Matrix Rigidity Myosin-Ii And Lamin-A Regulate Curvature Induced Nuclear Rupture Causing Repair Factor Mislocalization And Dna Damage

Mechanosensing of matrix stiffness can increase the activity and/or expression of major structural proteins, including myosin-II and lamin-A, both of which are sometimes dysregulated in cancer. Genome instability is a hallmark of cancer, and here we show that nuclear rupture of cancer cells with low lamin-A or high myosin-II increases with matrix stiffness, which causes multiple DNA repair factors to mis-localize to the cytoplasm and DNA damage to increase. Soft matrix and inhibition of cytoskeletal stress relax nuclear curvature, suppress rupture, and minimize the pan-nucleoplasmic pattern of DNA damage.

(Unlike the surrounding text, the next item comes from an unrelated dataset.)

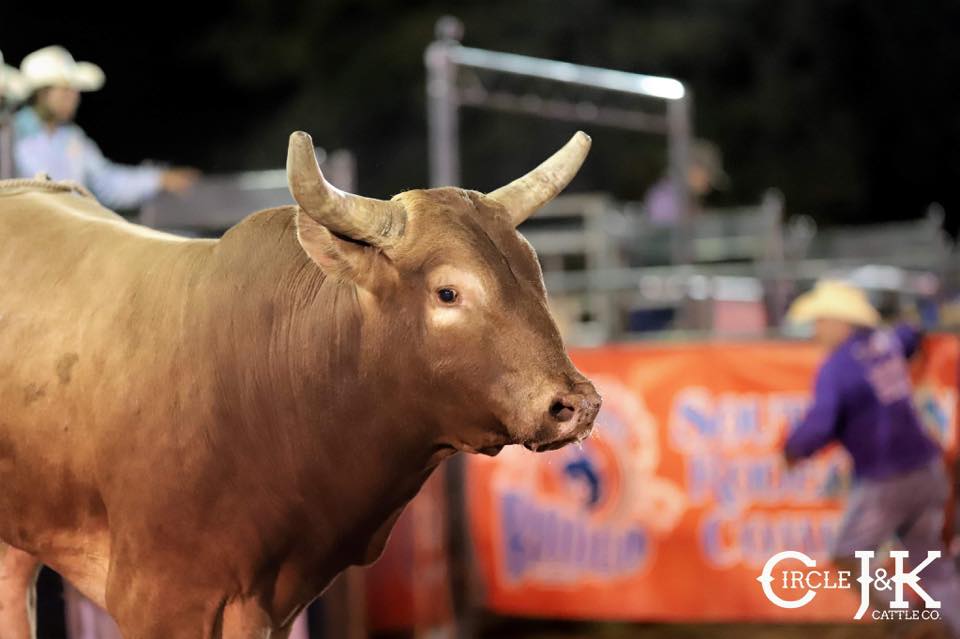 Rockin K Rodeo Productions - WOW WHAT A NIGHT!! I can't say how much it ...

Partial knockdown of multiple repair factors causes similar DNA damage without rupture. 3D-migration of wildtype cancer cells through highly curved rigid pores also causes myosin-dependent nuclear rupture and DNA damage which is rescued by co-overexpression of multiple repair factors. A cytoplasmic nuclease has no effect when overexpressed. Tumors with low lamin-A likewise exhibit elevated nuclear rupture and DNA damage, consistent with tumor rigidity effects and the effects of nuclear stress in vivo.